Inúmeras vezes fui chamado a prestar esclarecimentos na delegacia. Eles me viam como subversivo."
Dom Angélico Sândalo Bernardino

Já em São Paulo, como bispo auxiliar, continuou escrevendo. Desta vez, em "O São Paulo", o jornal da arquidiocese, que foi considerado um canal de denúncia da violência praticada pela repressão e que sofreu com a censura. Em documentos da ditadura, dom Angélico foi tachado, entre outros adjetivos, de "agitador".

Ainda na comunicação, criou o jornal popular "Grita Povo", que tinha como objetivo de mostrar e refletir as demandas da classe trabalhadora.

De acordo com o Memórias da Ditadura, Angélico teve fundamental participação em casos na luta por direitos humanos no Brasil, como a prisão de Madre Maurina (1969), os assassinatos de Vladimir Herzog (1975) e Manoel Fiel Filho (1976), a execução do metalúrgico e sindicalista Santo Dias (1979), a campanha por eleições diretas (1984) e a descoberta da vala clandestina de Perus (1990).

Pastoral operária e amizade com Lula

Durante a década de 1970, dom Angélico começa a se envolver com a Pastoral Operária, que servia como suporte religioso e social às lutas dos direitos da classe trabalhista. Era o bispo quem coordenava a pastoral quando eclodiram as greves em São Paulo e no ABC Paulista. Foi neste período quando conheceu Lula, então líder sindicalista.

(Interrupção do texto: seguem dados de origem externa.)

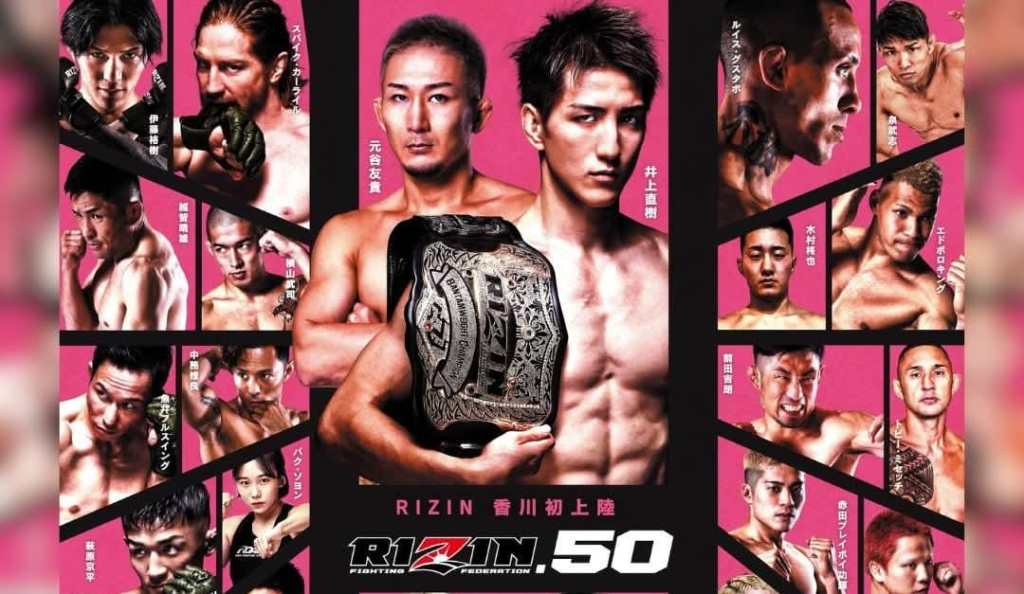 Rizin 50: Naoki Inoue defende cinturão peso-galo ante Yuki Motoya; confira o card&nbsp;completo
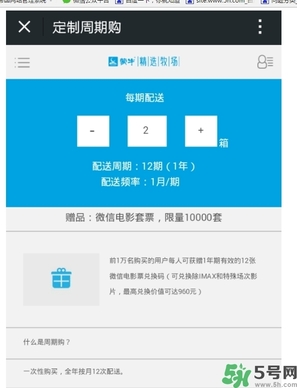 嗨milk好喝嗎？嗨milk牛奶一箱多少錢？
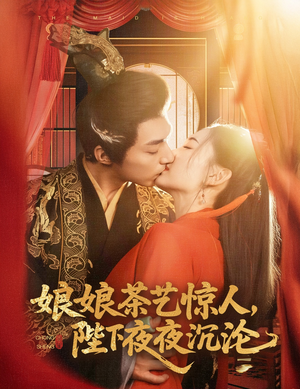 【娘娘茶艺惊人，陛下夜夜沉沦】50集短剧在线免费全集赏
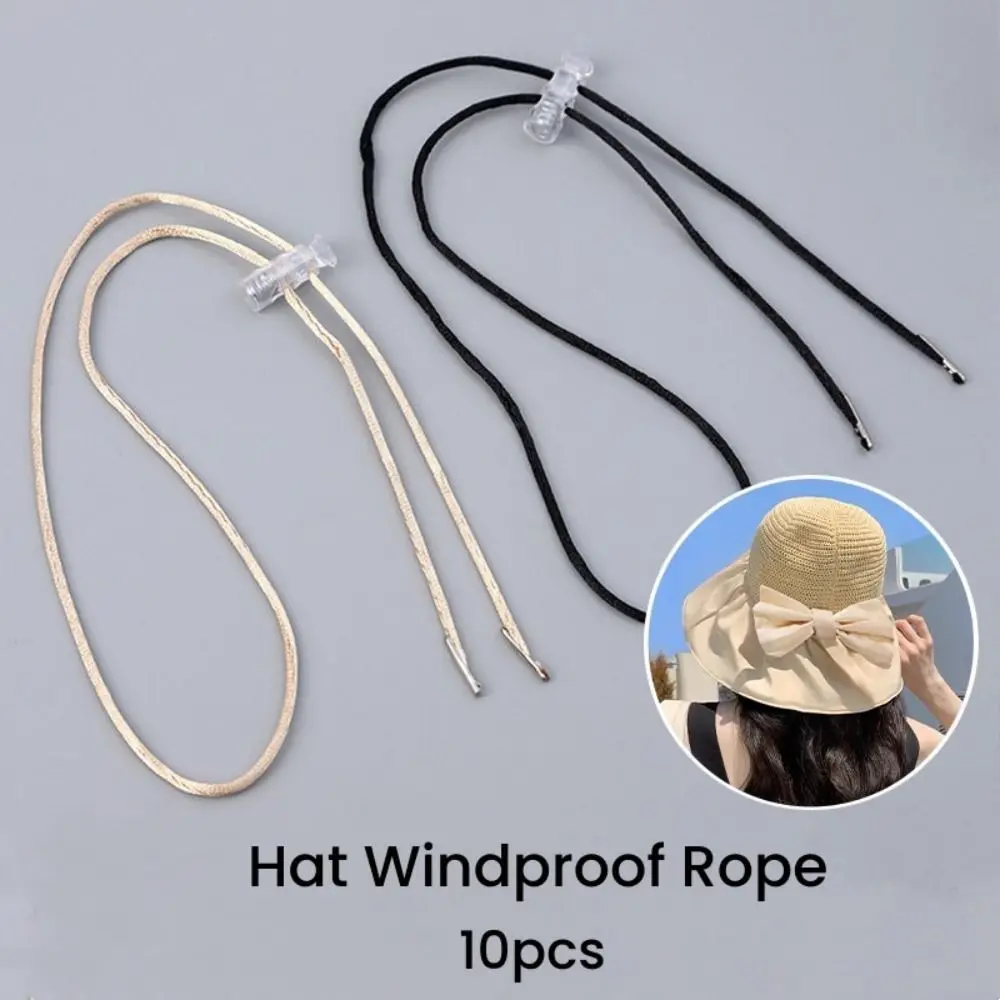 10pcs Quality Removable Hat Chin Cord Straps Adjustable Fastener Lock Hat Windproof Rope Anti-lost Hat Retainer Sun Hat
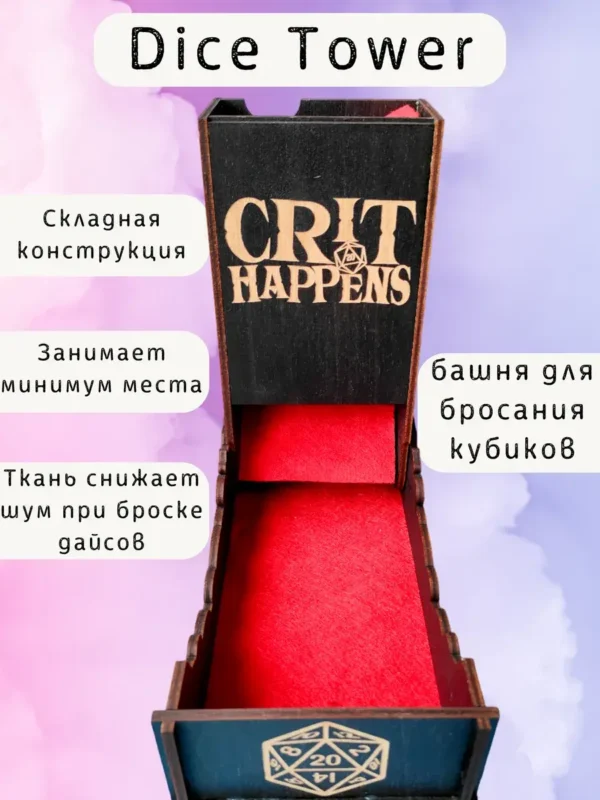 Dice Tower «Криты случаются» — дерево Dice Tower «Криты случаются» — дерево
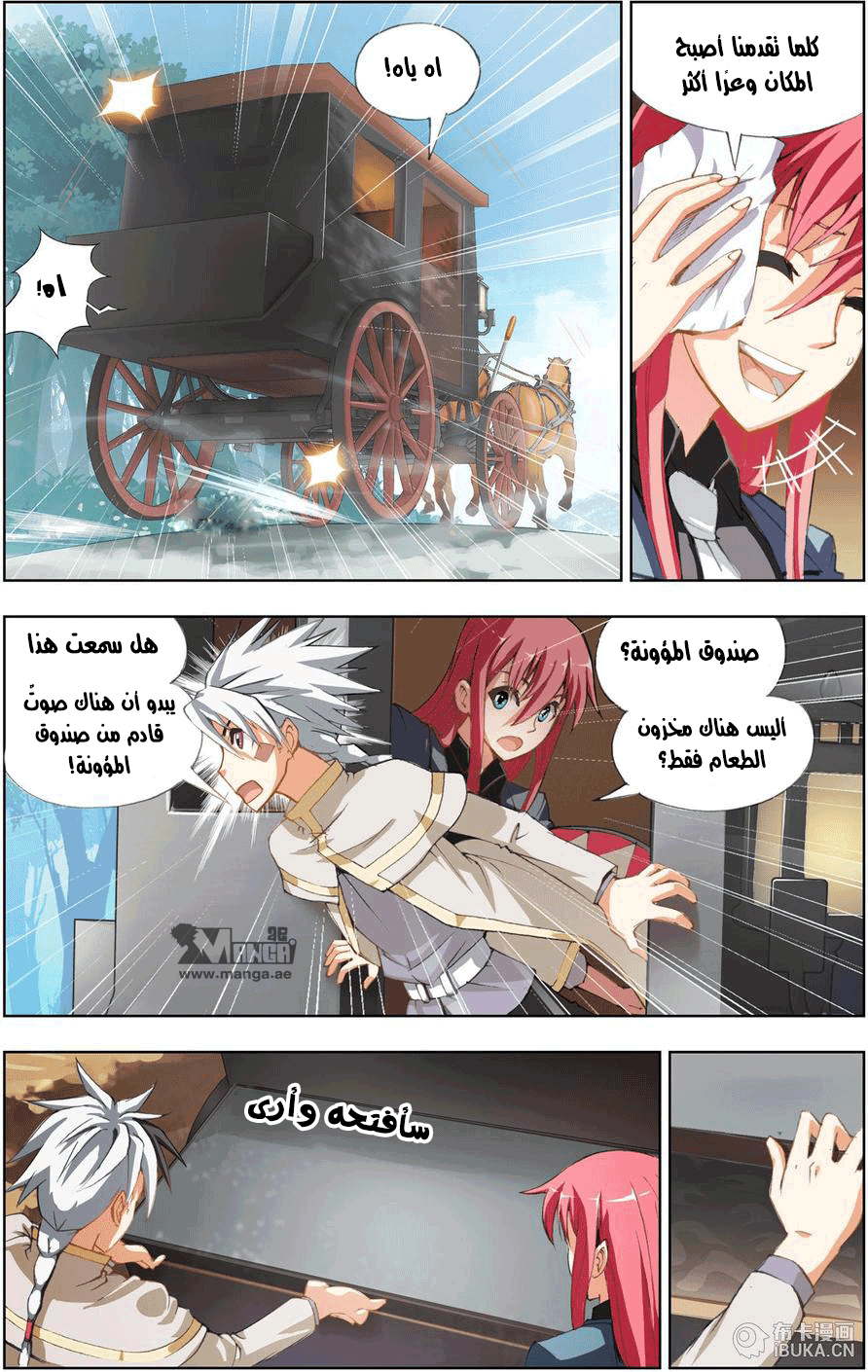 The Great Conqueror: Chapter 6 - Page 23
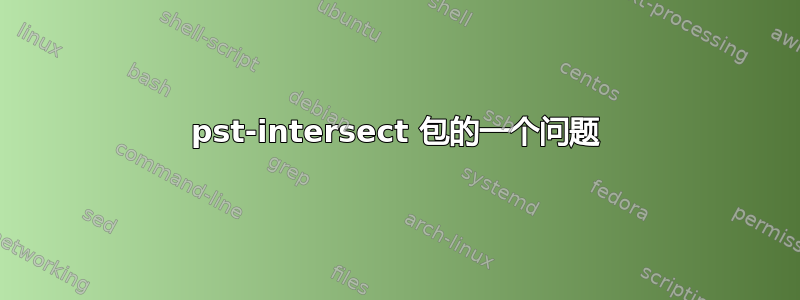 pst-intersect 包的一个问题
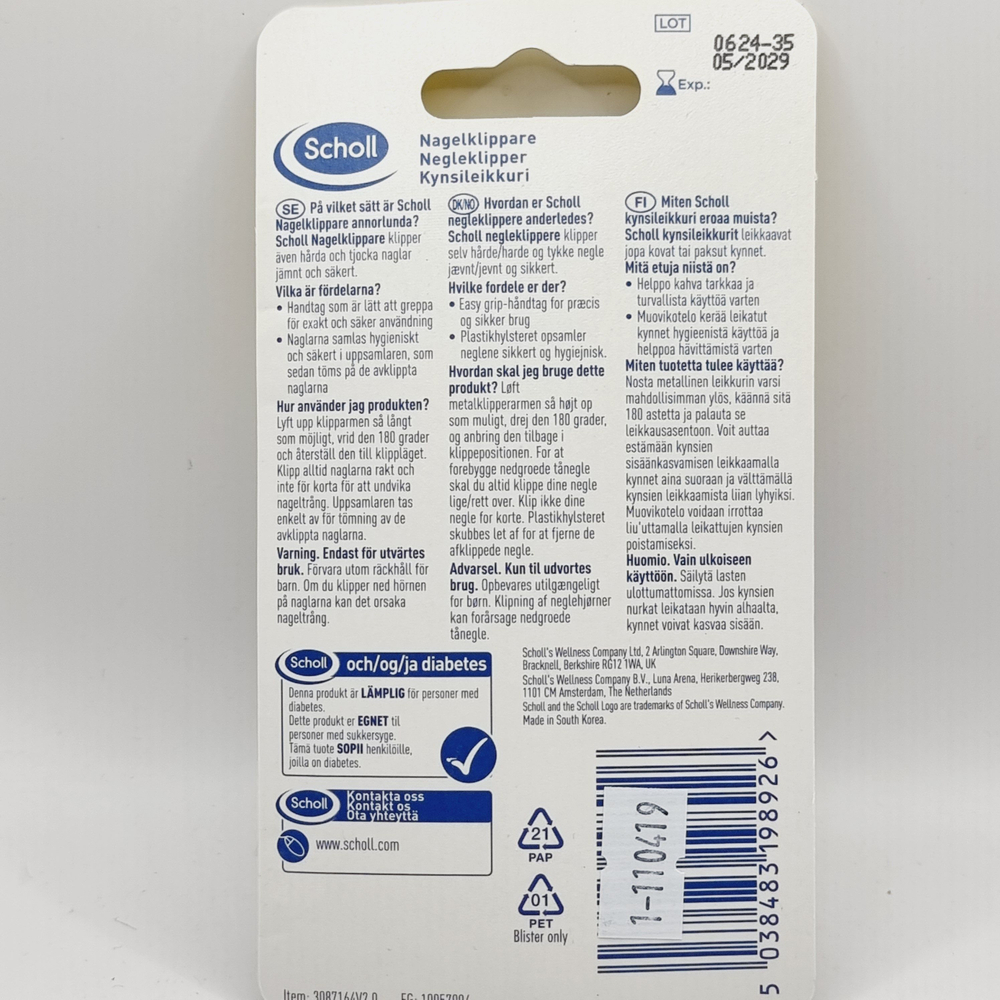 Scholl Кусачки для ногтей с футляром (из Финляндии)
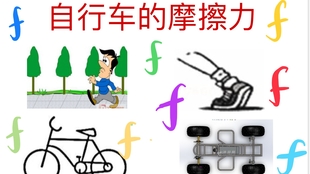 f96cbbb5d8259cb1c0a31fd03afb9703fc3f2b9c.jpg@310w_174h_1c_100q.jpg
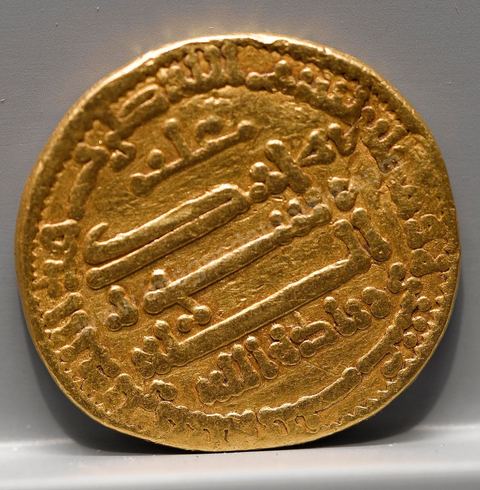 Pièce de monnaie tunisienne d'époque musulmane au Musée de la Monnaie de la Banque Centrale de Tunisie sur l'avenue Mohamed V à Tunis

Em janeiro de 2018, oito dias após a condenação em segunda instância, no processo do tríplex em Guarujá (SP), Lula fez uma visita surpresa ao bispo. Em entrevista à Folha de São Paulo, o religioso afirmou que o ex-sindicalista foi condenado sem provas e que teria sido vítima de perseguição.

Meses depois, no dia 7 de abril, Angélico celebrou a cerimônia em frente ao Sindicato dos Metalúrgicos do ABC antes de Lula se entregar e ser preso. O ato foi repreendido por membros da Igreja Católica e parte dos católicos.

O cardeal de São Paulo dom Odilo Scherer criticou o uso político da homenagem. A arquidiocese de São Paulo e a Conferência Nacional dos Bispos do Brasil ressaltaram que não tiveram participação no evento.

Em julho de 2020, assinou uma carta, junto com outros bispos, com duras críticas ao governo do presidente Jair Bolsonaro (PL), durante o enfrentamento da pandemia. No fim do ano passado, afirmou estar ansioso para voltar à igreja.